◆ REQUIREMENT ◆
The answer must be an exact copy of the lines from the one containing "Lot de 2 bandeaux" through the last line of the records, with no pictures.

◆ TASK DATA ◆
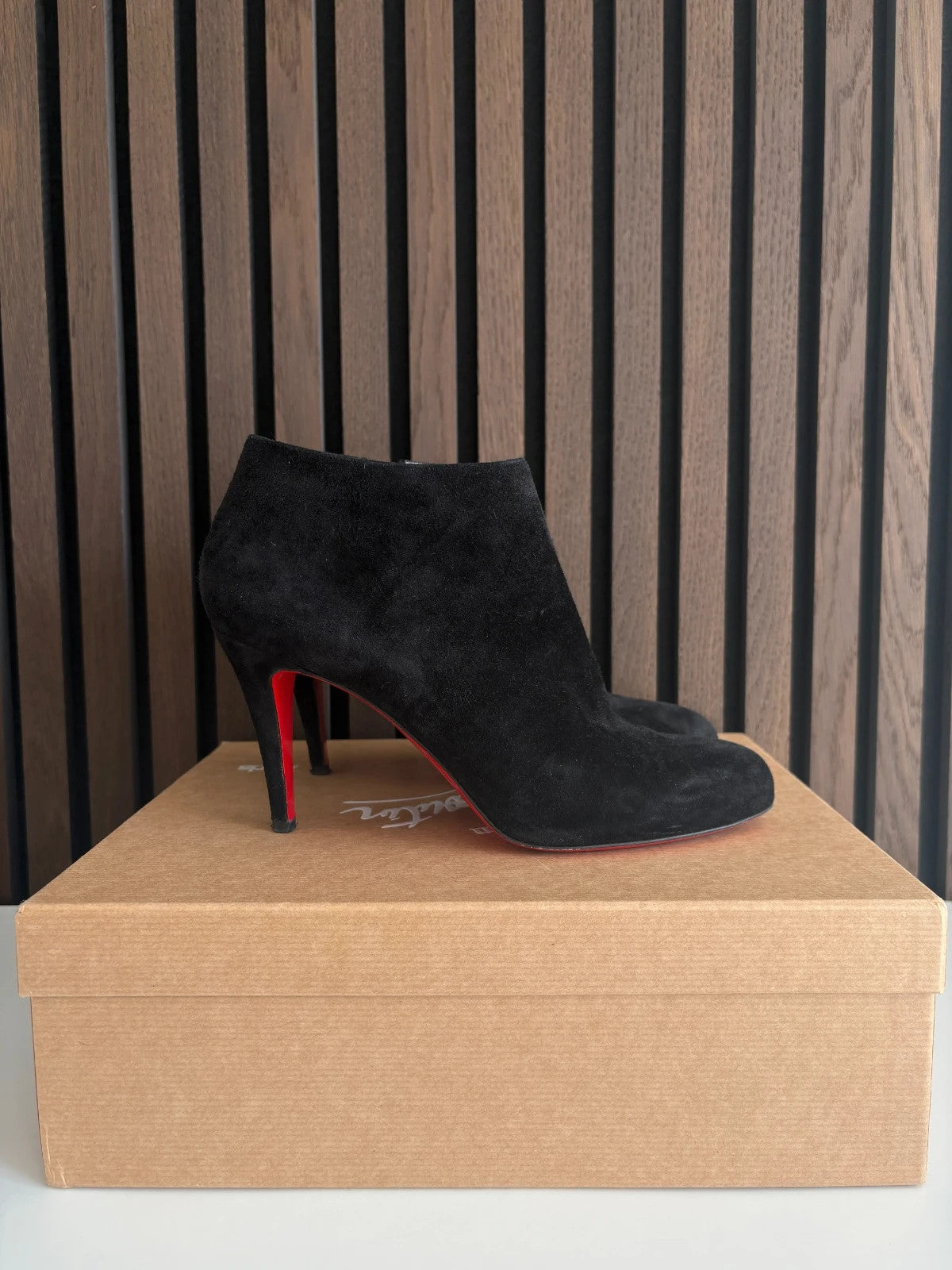 Christian Louboutin Belle Black Christian Louboutin Belle 100 Suede Ankle Boots - main product view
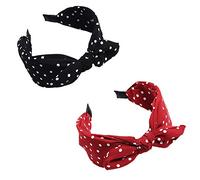 Lot de 2 bandeaux larges avec nœud à pois pour femme et fille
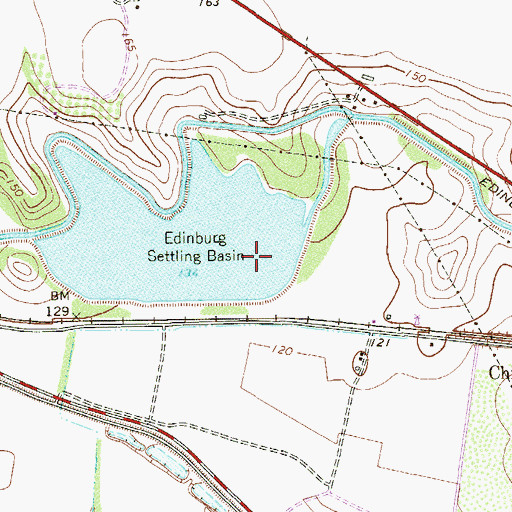 Topographic Map of Edinburg Settling Basin, TX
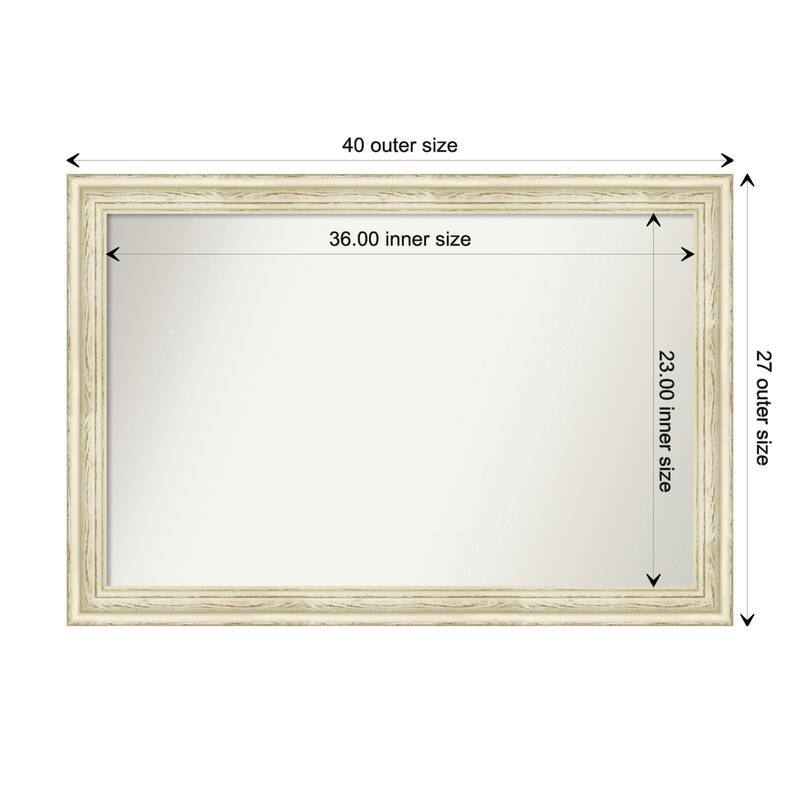 Country White Wash Framed Non-Beveled Custom Wall Mirror, Bathroom Vanity Mirror - Outer Size: 40.5 x 27.5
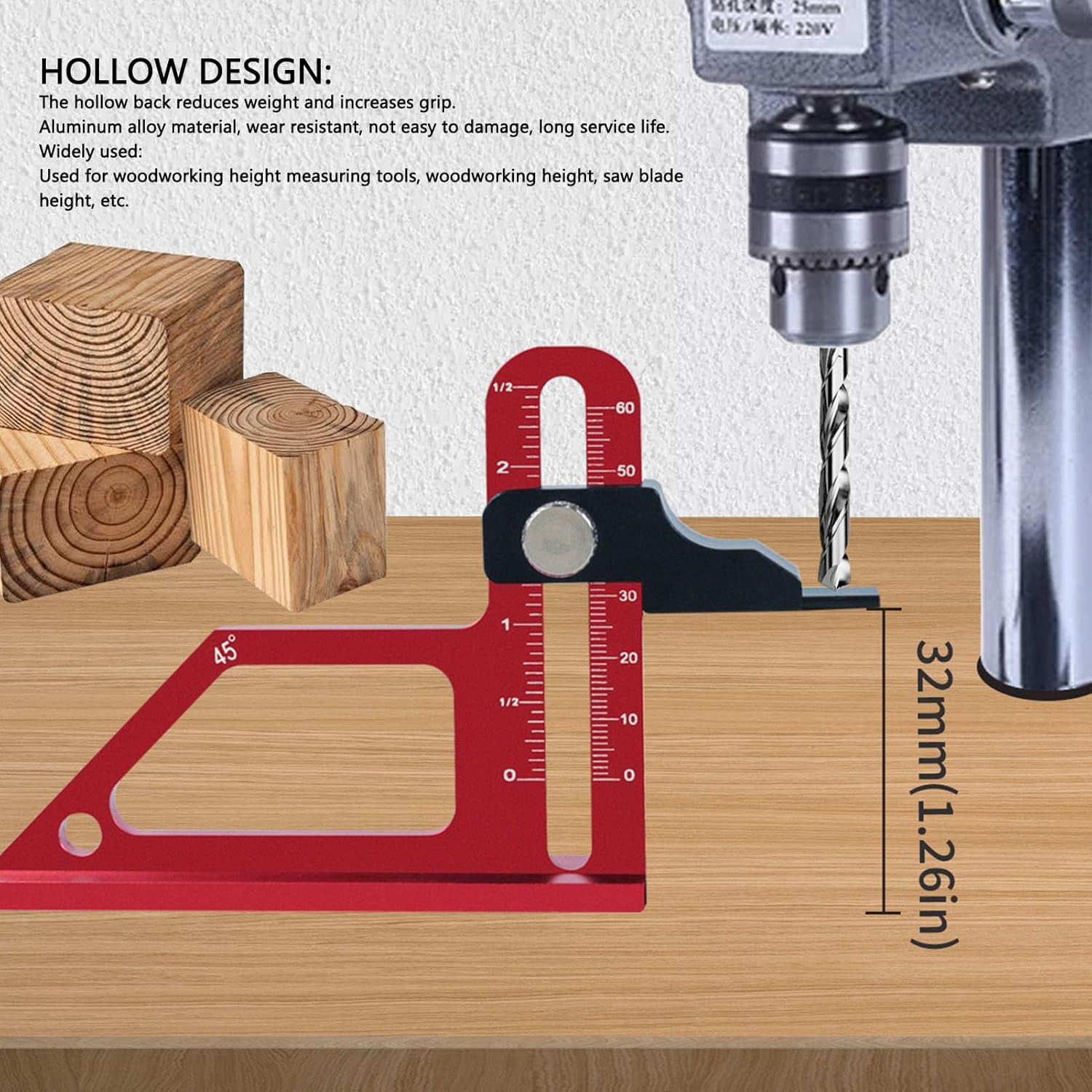 CATPAN Woodworking Height Gauge, 0 to 60mm 45° Tablesaw Depth Measuring Ruler, Woodworking Setting Gauge Depth Gauge for Router Table Drill, Table Saw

◆ TASK ANSWER ◆
 Lot de 2 bandeaux larges avec nœud à pois pour femme et fille
 Topographic Map of Edinburg Settling Basin, TX
 Country White Wash Framed Non-Beveled Custom Wall Mirror, Bathroom Vanity Mirror - Outer Size: 40.5 x 27.5
 CATPAN Woodworking Height Gauge, 0 to 60mm 45° Tablesaw Depth Measuring Ruler, Woodworking Setting Gauge Depth Gauge for Router Table Drill, Table Saw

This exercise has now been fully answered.